Overview*

1. Overview of NPU Hardware*

The NPU processor is specifically designed for IoT artificial intelligence, aimed at accelerating the computation of neural networks and addressing the inefficiency of traditional chips in neural network operations. GX8002 is a low-power AI chip launched by Hangzhou Guoxin, with advantages such as small size, low power consumption, and low cost. It contains a high-performance, low-power NPU processor internally. The NPU processor includes sub-modules such as matrix multiplication, convolution, general computation, copying, decompression, etc.

2. Toolchain and API*

Guoxin Neural Network Processing Unit Compiler (gxnpuc) is a model conversion tool for heterogeneous computing architectures. This compilation tool is used in a Linux environment and converts network models from open-source frameworks into offline model files compatible with Guoxin AI processors.

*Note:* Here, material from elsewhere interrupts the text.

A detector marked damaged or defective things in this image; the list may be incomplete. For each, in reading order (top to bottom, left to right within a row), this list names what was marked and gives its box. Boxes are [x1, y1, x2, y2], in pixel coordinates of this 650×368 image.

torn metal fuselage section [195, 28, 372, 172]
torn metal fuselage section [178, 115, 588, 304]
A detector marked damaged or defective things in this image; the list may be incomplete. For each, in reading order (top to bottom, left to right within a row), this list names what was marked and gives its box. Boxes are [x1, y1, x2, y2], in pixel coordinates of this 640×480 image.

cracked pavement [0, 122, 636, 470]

Developers can deploy offline models on the GX8002 computing platform for inference using the NPU-related API provided by the LPV framework. This enables the development of applications such as speech recognition and object detection.

3. Steps to Use*

Generate network model files in the specified format on a PC using supported open-source framework.

Currently supported deep learning frameworks include TensorFlow and PyTorch. For specific conversion processes to the designated model format, refer to the model compilation examples: TensorFlow Example, PyTorch Example.
Write a model conversion configuration file. Use the gxnpuc model conversion tool to compile open-source framework network models into offline model files supported by the NPU.
Invoke NPU-related APIs to complete operations such as resource loading, data transfer, model inference, and resource release, enabling the development of relevant applications.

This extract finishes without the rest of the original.